I will think about Halloween parties she threw, when she had the idea to make a hayride out of Abuelo’s trailer.
I will think about when she sang Last Dance at the fair, and it was blared over the speakers for all visitors to hear, and how Dad, Jason and I slowly crept away from the recording studio.
I will think about the time we went up to Blairsville and she almost fell down a waterfall because “she wanted to see over the edge”.
I will think about trips to the beach seeing her standing in her swimsuit cooking breakfast.
I will think about trips to Disney Halloween and how she insisted that the Disney employees wouldn’t notice us going through the same trick or treat lines 3, 4, or 17 times.
I will think about camping trips at Tillis Hills where our days and nights were filled with laughs, 45 minute drives to the local Wal-Mart, and gourmet meals. No matter how far removed from civilization we were, mom could always find a Wal-Mart (she was the original GPS).
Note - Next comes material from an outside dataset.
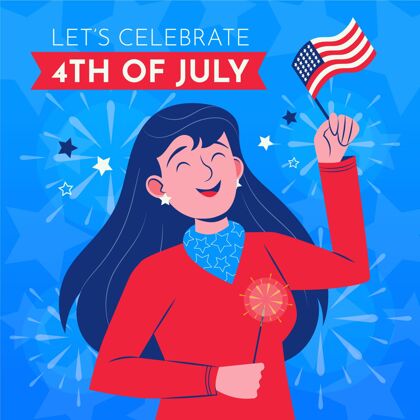 平面设计有机公寓7月4日独立日插画美国纪念庆祝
I will think about Christmas Eve parties at Abuelo’s and Christmas mornings at our house, where even at 32 years old, I was still pulling gifts out of a 6 foot tall stocking.
I will think about crabbing and fishing trips where she always seemed to be the one to catch something first.
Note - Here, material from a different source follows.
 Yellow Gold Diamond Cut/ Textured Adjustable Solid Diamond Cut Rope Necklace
I will think about all the birthday pool parties she threw me, and homemade birthday cakes she made.
I will think about her being pregnant and giving me the only brother I’ll ever have.
I will think about her love of board games, and how we would stay up until the wee hours of the night playing her favorite game, Scrabble.
I will think about trips up to the mountains where she insisted on having a bbq on top of the highest mountain in Georgia with temperatures in the teens. She learned that day that mustard has a freezing point.
I wish my brain was a computer that I just file each and every memory away in for safe keeping. I know some will stay vivid, while others will fade away with time. I never fully understood the pain she felt when her mother passed away, but now I do.
I can’t wait for the day to come where I’ll find peace in a photo, find comfort in her belongings and be able to laugh at an empty ketchup bottle on a restaurant table.